Trump’s absence from debate gives rivals room to talk issues

Republican presidential candidate Donald Trump speaks at a rally at Drake University in Des Moines, Iowa, Thursday, Jan. 28, 2016.

Republican presidential candidate Donald Trump speaks at a rally at Drake University in Des Moines, Iowa, Thursday, Jan. 28, 2016.


Front-runner Donald Trump’s boycott of the final Republican debate before the Iowa caucuses created space for his rivals to delve more deeply into their differences on immigration, foreign policy and their approach to governing.

Iowa voters kick off the 2016 nominating process with Monday’s caucuses, and they’ll provide the first indication of whether Trump’s abrupt decision to skip the debate will have any impact on his standing atop the party’s field.

His lead in Iowa had become more tenuous in recent days, as Texas Sen. Ted Cruz pulled in support from conservative and evangelical voters.

Trump’s decision to pull out of the debate over a feud with host Fox News was a gamble, particularly so close to the state of voting. He tried to steal attention away from his rivals with a competing rally that he said raised $6 million for military veterans.

Trump’s absence put the spotlight on Cruz and Florida Sen. Marco Rubio, who needs a strong showing in Iowa in order to stay in the top tier of candidates.

The two senators were confronted with video clips suggesting they had changed their positions on immigration, one of the most contentious issues among Republicans. Both denied they had switched their own views on allowing some people in the U.S. illegally to stay.

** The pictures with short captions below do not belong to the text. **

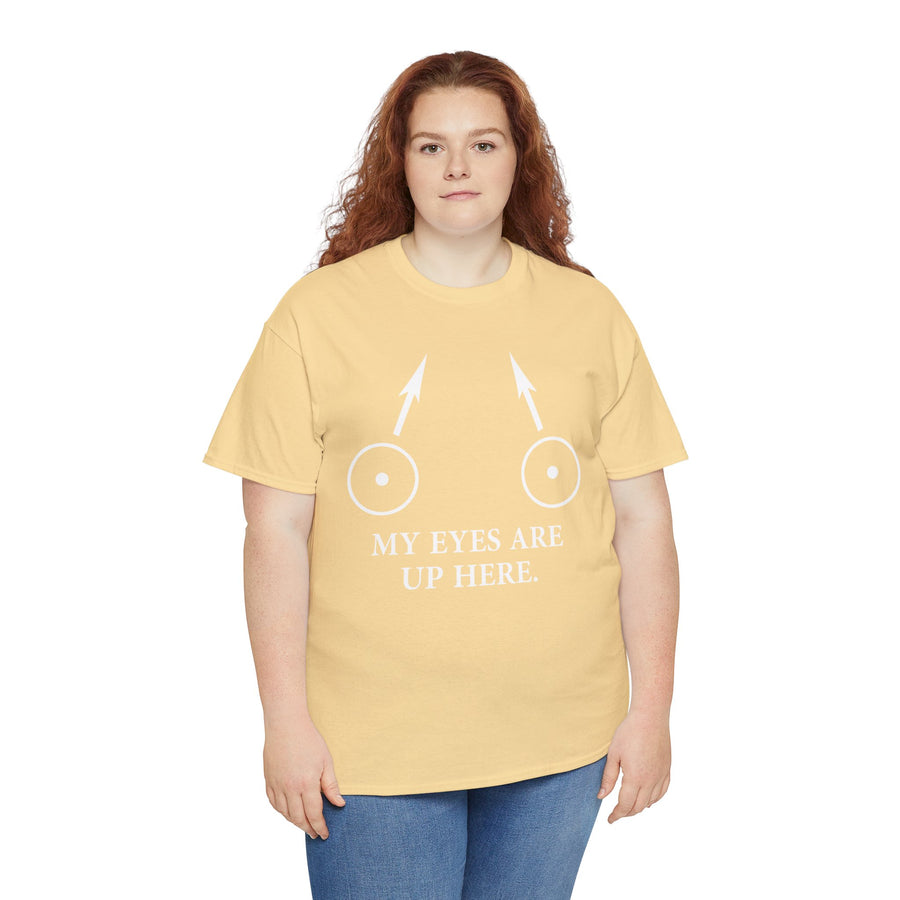My Eyes Are Up Here Unisex Heavy Cotton Tee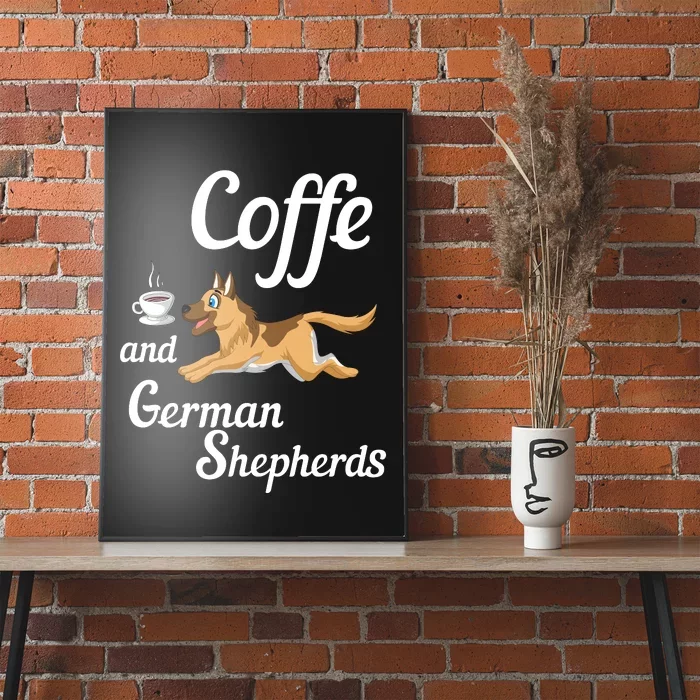 Coffee And German Shepherds Poster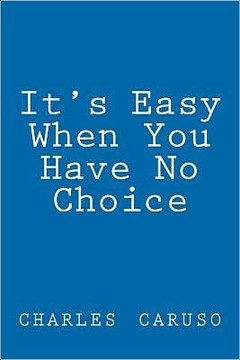'It's Easy When You Have No Choice': none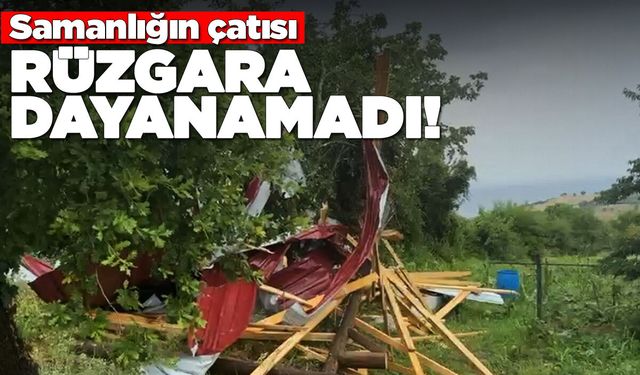 Şiddetli rüzgar çatıyı uçurdu!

Cruz accused Rubio of making a “politically advantageous” decision to support a 2013 Senate bill that included a pathway to citizenship, while Rubio said his Texas rival was “willing to say or do anything to get votes.”

The candidates worked hard to present themselves as best prepared to be commander in chief and take on terror threats.

Rubio pledged that as president he would go after terrorists “wherever they are. And if we capture them alive, they are going to Guantanamo.” Rubio also stood by his previous calls for shutting down mosques in the U.S. if there were indications they were being used to radicalize terrorists.

Kentucky Sen. Rand Paul warned against closing down mosques. A proponent of a more isolationist foreign policy, Paul also raised concerns about the U.S. getting involved militarily in Syria, where the Islamic State group has a stronghold.

The crowded Republican field includes more mainstream candidates who have struggled to break through in an election year where Trump, and increasingly Cruz, have tapped into voter anger with the political system. Party leaders have grown increasingly anxious for some of the more traditional candidates to step aside to allow one to rise up and challenge for the nomination.

Former Florida Gov. Jeb Bush said: “We’re just starting out. The first vote hasn’t been counted. Why don’t we let the process work?”

Bush and New Jersey Gov. Chris Christie, along with Ohio Gov. John Kasich, are looking beyond Iowa and hoping New Hampshire’s Feb. 9 primary jumpstarts their campaigns.